As I twine the two points together both are about Mental Models. As I began the process of giving the finalized reports to the school / district teams I was once again struck by the chains that bound them. The Money-Mental-Model was one as described in the previous post, but not money or lack thereof, rather the lack of imagination or of courage to Reallocate monies to fund new and worthy ideas.

Of course doing so would threaten the system that created the original and Ineffective programs that perpetuate current power structures and power blocs. I’m not naive though. I understand how contracts, unions, and mandates real or imagined, can restrict reapportioning  resources to support new and creative ideas.

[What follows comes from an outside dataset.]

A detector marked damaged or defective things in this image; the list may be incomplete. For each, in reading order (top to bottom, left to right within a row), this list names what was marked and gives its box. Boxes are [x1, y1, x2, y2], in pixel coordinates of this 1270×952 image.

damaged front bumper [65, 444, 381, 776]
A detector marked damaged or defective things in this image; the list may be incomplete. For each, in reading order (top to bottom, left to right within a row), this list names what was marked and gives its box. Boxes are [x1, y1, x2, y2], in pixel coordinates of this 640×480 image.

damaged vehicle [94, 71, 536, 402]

Nonetheless, the mental model, the attitude, that drives the decision making and the implementation of these choices, has, must be, courageously identified, parsed, twisted, turned, and eliminated in order to recreate the organization so it can recreate itself.

One effective way to confront and at least clarify negative mental models is to first of all point out what a mental model is to the group. Doing so sensitizes a group to how mental models may drive or defeat creativity and decision making. That will help but it must also be complemented by the leaders’ task to model and to help the group work very hard at HEARING each other by giving each other opportunities to dialogue so that folks become comfortable enough to hear their own paradigms – tudes and comfortable enough to adjust them if they realize how doing so will actually open the way for making an organization a learning organization.